On Thursdays I post from the archives. This is from July 2008. (And I did eventually paint the piano yellow. You can see it here.)
I’ve been wanting to get a piano for our house for almost a year now. We previously had a baby grand but it took up too much space, so we sold it and then my plan was to replace it with an upright. But Craig’s List . . . it’s just so much work with the calling and the appointment-making. Finally, this week I found a piano at a local thrift store. Only $99! It’s really plain but that’s what I was wanting, because my plan is to paint it.
Okay, imagine it now with this color: Right? I even saw a yellow piano on So You Think You Can Dance last week. Yellow pianos are SO hot right now.

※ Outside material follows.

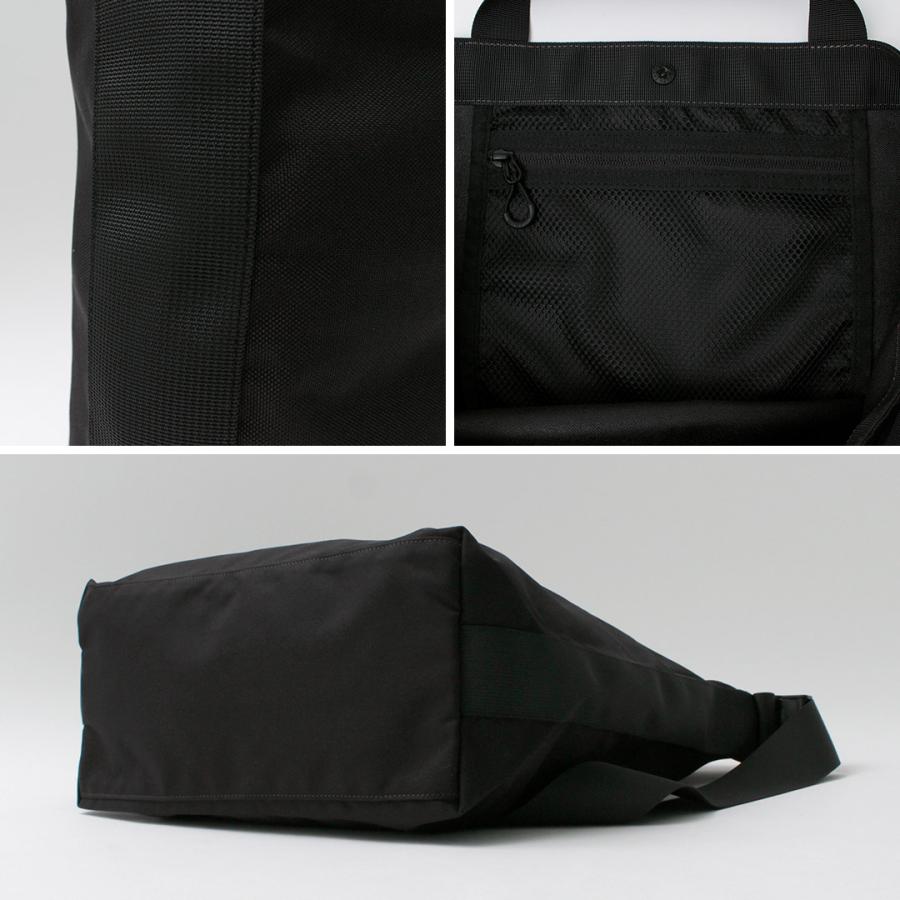 AND WANDER（アンドワンダー） リサイクルオックス トートバッグ / 2WAY 大容量 撥水 ショルダーバッグ 斜めがけ アウトドア | and wander | 16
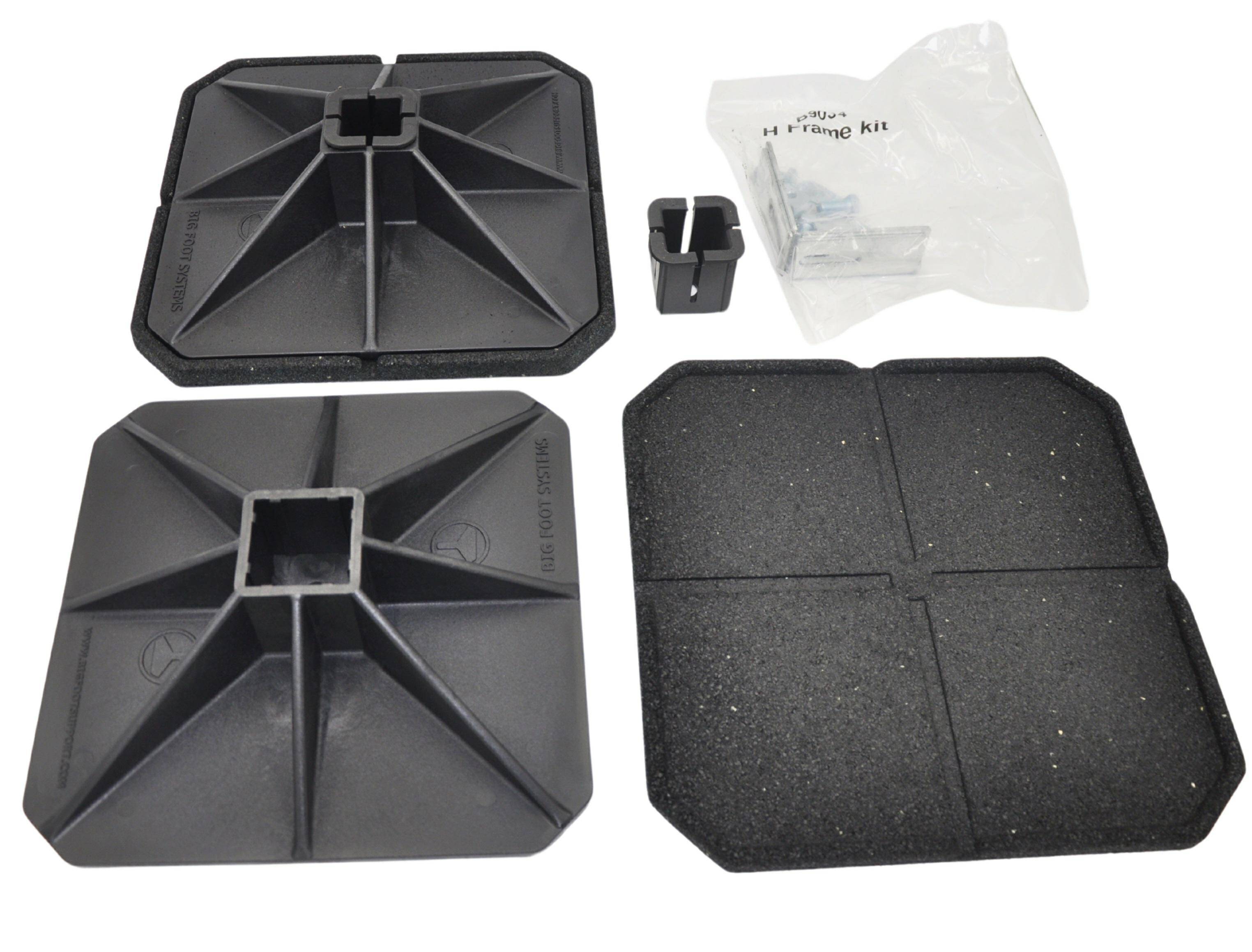 WSPORNIK BIG-FOOT H-FRAME 2-STOPY 305MM2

I bought the piano on a Friday, and they gave me strict instructions that I had to pick it up by Tuesday or they would put it back in inventory. They actually wanted me to take it on the spot and make quite a to-do over the special exception they were giving me, on account of it being a HUGE PIANO and all. Monday was a holiday, so I had to quickly find some piano movers. I did a google search and found plenty of online listings, but here’s the problem: none of them, and I mean NONE OF THEM, had an email address on their website. They all just listed a phone number. I am here to tell you, piano movers are living in the dark ages. And me, on the other hand . . . for some reason I just can’t bring myself to make phone calls anymore. I knew I was under the gun to find a piano mover, but I just kept googling and googling, and then abandoning my search and playing around on Google+ because a phone call? It’s JUST TOO HARD. I mean, calling someone? And then talking, or maybe leaving a message and then having someone call me? The mere thought of it was just too overwhelming to bear. (May I remind you that I am the person who kept two Netflix movies for nine months because I couldn’t find the strength to call customer service and request a new red envelope). Finally, Tuesday rolled around, and despite several more google attempts I had still not been able to find a single piano mover with an email listing. And instead of just making a phone call, I decided it would be easier to take matters into my own hands and handle the piano moving on my own. With five kids in tow. (Jafta had a friend over).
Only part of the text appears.